Poussé par la communauté internationale, le premier ministre a officiellement mis en place en début de cette année un Haut Conseil de la Transition (HCT), chargé de mettre en route, le plus tôt possible, un processus électoral, annonçant la mise en place du conseil électoral provisoire chargé de l’organisation des élections. Rappelons que les mandats électoraux sont quasiment tous arrivés à leur terme et que ceux qui siègent ne sont plus légitimes. Mais depuis lors, les réunions programmées ont toutes été reportées sine die

Lueur d’espoir
La société civile, malgré la situation tendue, s’exprime. Des voix s’élèvent pour demander un changement radical et sortir enfin le pays de sa situation de dépendance, de délabrement de ses institutions et de violence sociale et aider le peuple à revivre, à retrouver l’espérance et à faire respecter la souveraineté du pays et sa constitution. La période de transition en place depuis l’assassinat du président offre cette opportunité de repartir sur de nouvelles bases plus inclusives de tous les Haïtiens qui contribueront à des solutions réelles et plus durables. Un large éventail de représentants de la société civile, des partis d’opposition et du secteur privé et que l’on peut considérer comme représentatifs de la société haïtienne sont parvenus à un large consensus national pour une sortie de crise sur la base d’un accord signé en août 2021, l’Accord Montana (du nom de l’hôtel de Port-au-Prince où ils étaient réunis).

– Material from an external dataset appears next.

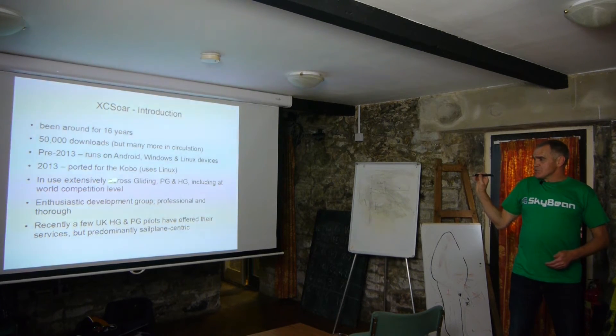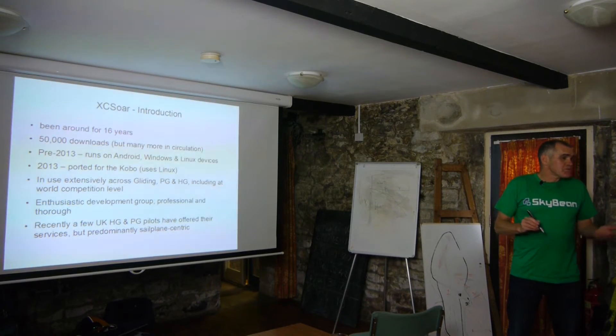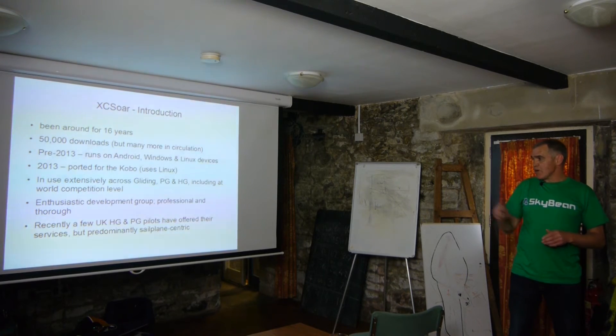It's used everywhere across our sports — gliding, paragliding, hang gliding. It's used at competition level. It's not some Mickey Mouse sort of dodgy program; it really is quite solid and reliable.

Pour les parties à l’Accord Montana, la période de transition doit offrir la possibilité sans attendre de remplacer l’actuel gouvernement de fait par un gouvernement de transition constitué de personnalités dont la mission temporaire sera de restaurer l’état de droit et la sécurité, et qui devrait recevoir l’appui de la communauté internationale. Propositions qui portent une part d’utopie sans doute mais méritent l’attention car elles sont les seules à chercher une vraie sortie de crise par une mobilisation citoyenne.

 Justice et Paix Haïti

La Commission épiscopale nationale Justice et Paix est une institution de la pastorale sociale de l’Église catholique.

Elle est organisée avec un Comité directeur national et des délégués diocésains.

La Commission Justice et Paix est présente à travers le pays dans plus de 335 paroisses et dans les 10 diocèses.

Elle forme donc un réseau bien implanté dans le milieu.

Elle dispose d’un secrétariat national permanent.

La priorité de la Commission est la promotion, la défense de la dignité humaine et les droits humains, et la construction de la paix.

Parallèlement, d’autres initiatives ont vu le jour, portées par des organisations enracinées comme la plateforme des organisations haïtiennes des droits humains (dont Justice et Paix fait partie) ou encore Ensemble contre la corruption. Le CRAN (cellule de réflexion et d’action nationale) développe des analyses et publie des documents. La Fondation Je klere recueille des témoignages et formule des recommandations pour l’action contre la violence criminelle.

Le peuple haïtien continue d’espérer et compte sur la solidarité des autres peuples, dont le peuple français, pour sortir enfin de l’enfer dans lequel il est plongé. La société civile internationale avec ses réseaux doit pouvoir y aider davantage. Sans attendre.